• PROBLEM TO SOLVE: Beginning with the line below that contains "SHARP! BRAND NEW" and ending with the line that contains "Soft Calfskin Matelasse", copy every line exactly. Copy nothing else.

Excerpts from a dataset:
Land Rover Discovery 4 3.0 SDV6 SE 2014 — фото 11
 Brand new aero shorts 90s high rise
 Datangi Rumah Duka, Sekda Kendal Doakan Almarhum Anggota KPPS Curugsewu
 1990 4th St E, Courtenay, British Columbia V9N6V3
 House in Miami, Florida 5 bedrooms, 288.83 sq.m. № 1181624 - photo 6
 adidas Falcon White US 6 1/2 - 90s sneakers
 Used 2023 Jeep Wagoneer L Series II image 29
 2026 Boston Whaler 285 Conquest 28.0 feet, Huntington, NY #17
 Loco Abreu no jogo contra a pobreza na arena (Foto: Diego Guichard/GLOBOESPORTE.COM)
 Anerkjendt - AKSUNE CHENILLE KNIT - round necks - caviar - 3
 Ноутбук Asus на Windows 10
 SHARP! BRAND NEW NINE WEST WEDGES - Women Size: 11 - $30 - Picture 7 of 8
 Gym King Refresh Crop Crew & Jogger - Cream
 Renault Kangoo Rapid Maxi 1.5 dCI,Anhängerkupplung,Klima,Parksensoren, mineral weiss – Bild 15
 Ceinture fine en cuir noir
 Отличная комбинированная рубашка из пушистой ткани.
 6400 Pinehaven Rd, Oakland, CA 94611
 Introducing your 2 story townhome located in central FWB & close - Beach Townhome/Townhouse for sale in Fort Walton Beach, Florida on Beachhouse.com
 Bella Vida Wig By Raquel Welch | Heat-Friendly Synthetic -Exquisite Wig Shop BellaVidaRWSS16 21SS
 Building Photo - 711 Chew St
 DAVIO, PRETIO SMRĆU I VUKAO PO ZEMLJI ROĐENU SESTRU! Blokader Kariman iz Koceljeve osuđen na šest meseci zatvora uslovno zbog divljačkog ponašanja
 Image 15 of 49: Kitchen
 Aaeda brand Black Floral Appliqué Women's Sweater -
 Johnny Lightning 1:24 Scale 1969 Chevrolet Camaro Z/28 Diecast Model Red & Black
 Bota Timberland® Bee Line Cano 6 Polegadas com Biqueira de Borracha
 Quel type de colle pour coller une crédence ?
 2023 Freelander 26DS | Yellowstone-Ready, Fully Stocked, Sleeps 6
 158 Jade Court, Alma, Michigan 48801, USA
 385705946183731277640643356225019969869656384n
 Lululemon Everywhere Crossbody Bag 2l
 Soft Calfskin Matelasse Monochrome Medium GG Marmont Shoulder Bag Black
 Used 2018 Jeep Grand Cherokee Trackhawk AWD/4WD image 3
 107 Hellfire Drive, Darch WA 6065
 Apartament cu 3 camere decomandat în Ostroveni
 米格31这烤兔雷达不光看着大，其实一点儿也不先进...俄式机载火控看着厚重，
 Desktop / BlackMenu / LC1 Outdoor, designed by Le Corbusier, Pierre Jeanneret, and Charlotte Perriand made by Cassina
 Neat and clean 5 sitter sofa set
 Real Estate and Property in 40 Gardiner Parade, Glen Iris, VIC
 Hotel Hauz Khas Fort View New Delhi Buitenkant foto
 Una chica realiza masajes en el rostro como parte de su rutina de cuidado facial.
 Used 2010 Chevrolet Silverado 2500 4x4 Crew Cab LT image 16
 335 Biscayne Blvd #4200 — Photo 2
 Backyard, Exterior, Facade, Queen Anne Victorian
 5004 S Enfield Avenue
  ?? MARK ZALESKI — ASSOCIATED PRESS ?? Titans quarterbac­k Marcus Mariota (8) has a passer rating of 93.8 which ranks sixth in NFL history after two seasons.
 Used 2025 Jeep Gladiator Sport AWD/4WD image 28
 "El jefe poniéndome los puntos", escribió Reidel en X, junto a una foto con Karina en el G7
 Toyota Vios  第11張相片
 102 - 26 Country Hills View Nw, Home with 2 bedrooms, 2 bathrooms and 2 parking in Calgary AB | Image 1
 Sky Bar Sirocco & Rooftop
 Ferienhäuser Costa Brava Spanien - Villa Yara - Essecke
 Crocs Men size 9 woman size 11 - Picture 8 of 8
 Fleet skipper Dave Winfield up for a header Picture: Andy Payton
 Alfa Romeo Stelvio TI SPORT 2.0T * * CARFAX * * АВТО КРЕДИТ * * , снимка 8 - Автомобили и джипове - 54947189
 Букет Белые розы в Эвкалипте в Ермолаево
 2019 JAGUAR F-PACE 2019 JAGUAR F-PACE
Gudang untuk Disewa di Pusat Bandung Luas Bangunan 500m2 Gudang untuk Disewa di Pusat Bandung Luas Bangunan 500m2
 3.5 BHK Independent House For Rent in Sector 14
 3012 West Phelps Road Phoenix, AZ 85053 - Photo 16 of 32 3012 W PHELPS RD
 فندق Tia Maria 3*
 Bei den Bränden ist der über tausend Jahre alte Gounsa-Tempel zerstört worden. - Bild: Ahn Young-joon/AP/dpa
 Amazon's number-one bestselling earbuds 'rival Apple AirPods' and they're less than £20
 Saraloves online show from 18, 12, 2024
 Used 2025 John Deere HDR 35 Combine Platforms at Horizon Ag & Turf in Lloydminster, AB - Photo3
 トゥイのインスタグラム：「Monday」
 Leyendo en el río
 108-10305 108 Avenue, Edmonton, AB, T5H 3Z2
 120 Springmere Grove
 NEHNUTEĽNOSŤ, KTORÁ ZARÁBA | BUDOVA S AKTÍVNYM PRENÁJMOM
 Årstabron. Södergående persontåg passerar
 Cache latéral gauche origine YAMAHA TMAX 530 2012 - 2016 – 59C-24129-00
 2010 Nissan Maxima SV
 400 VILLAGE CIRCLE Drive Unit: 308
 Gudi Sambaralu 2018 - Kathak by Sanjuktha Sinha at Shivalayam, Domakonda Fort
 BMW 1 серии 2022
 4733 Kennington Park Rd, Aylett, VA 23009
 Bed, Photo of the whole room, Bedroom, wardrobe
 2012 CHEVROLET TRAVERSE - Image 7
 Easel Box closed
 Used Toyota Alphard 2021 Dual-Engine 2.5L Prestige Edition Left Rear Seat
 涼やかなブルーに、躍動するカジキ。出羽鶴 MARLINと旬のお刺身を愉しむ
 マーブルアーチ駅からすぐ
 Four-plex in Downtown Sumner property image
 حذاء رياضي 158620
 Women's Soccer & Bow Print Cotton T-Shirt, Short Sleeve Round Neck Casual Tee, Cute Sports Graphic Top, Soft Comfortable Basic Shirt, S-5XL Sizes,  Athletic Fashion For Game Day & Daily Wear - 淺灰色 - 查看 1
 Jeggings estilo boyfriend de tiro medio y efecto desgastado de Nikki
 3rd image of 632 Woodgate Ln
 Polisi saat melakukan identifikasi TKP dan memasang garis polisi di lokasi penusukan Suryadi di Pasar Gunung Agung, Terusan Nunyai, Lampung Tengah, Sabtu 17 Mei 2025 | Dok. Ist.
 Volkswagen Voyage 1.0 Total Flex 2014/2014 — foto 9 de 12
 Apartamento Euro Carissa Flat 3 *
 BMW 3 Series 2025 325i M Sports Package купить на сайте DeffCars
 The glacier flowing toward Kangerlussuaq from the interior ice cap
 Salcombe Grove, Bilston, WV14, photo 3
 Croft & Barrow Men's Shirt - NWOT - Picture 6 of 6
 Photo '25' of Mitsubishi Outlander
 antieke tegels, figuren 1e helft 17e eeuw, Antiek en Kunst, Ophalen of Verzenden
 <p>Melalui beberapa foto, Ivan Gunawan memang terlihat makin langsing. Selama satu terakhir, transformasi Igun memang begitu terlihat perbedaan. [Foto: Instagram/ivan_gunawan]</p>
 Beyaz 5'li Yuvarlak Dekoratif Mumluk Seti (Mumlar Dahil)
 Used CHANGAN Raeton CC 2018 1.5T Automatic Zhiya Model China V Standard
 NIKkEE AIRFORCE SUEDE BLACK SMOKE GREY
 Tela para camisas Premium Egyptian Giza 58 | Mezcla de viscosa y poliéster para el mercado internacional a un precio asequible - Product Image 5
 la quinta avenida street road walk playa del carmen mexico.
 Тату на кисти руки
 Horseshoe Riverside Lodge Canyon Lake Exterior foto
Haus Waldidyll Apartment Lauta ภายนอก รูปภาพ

• SOLUTION FOR THIS TASK:
 SHARP! BRAND NEW NINE WEST WEDGES - Women Size: 11 - $30 - Picture 7 of 8
 Gym King Refresh Crop Crew & Jogger - Cream
 Renault Kangoo Rapid Maxi 1.5 dCI,Anhängerkupplung,Klima,Parksensoren, mineral weiss – Bild 15
 Ceinture fine en cuir noir
 Отличная комбинированная рубашка из пушистой ткани.
 6400 Pinehaven Rd, Oakland, CA 94611
 Introducing your 2 story townhome located in central FWB & close - Beach Townhome/Townhouse for sale in Fort Walton Beach, Florida on Beachhouse.com
 Bella Vida Wig By Raquel Welch | Heat-Friendly Synthetic -Exquisite Wig Shop BellaVidaRWSS16 21SS
 Building Photo - 711 Chew St
 DAVIO, PRETIO SMRĆU I VUKAO PO ZEMLJI ROĐENU SESTRU! Blokader Kariman iz Koceljeve osuđen na šest meseci zatvora uslovno zbog divljačkog ponašanja
 Image 15 of 49: Kitchen
 Aaeda brand Black Floral Appliqué Women's Sweater -
 Johnny Lightning 1:24 Scale 1969 Chevrolet Camaro Z/28 Diecast Model Red & Black
 Bota Timberland® Bee Line Cano 6 Polegadas com Biqueira de Borracha
 Quel type de colle pour coller une crédence ?
 2023 Freelander 26DS | Yellowstone-Ready, Fully Stocked, Sleeps 6
 158 Jade Court, Alma, Michigan 48801, USA
 385705946183731277640643356225019969869656384n
 Lululemon Everywhere Crossbody Bag 2l
 Soft Calfskin Matelasse Monochrome Medium GG Marmont Shoulder Bag Black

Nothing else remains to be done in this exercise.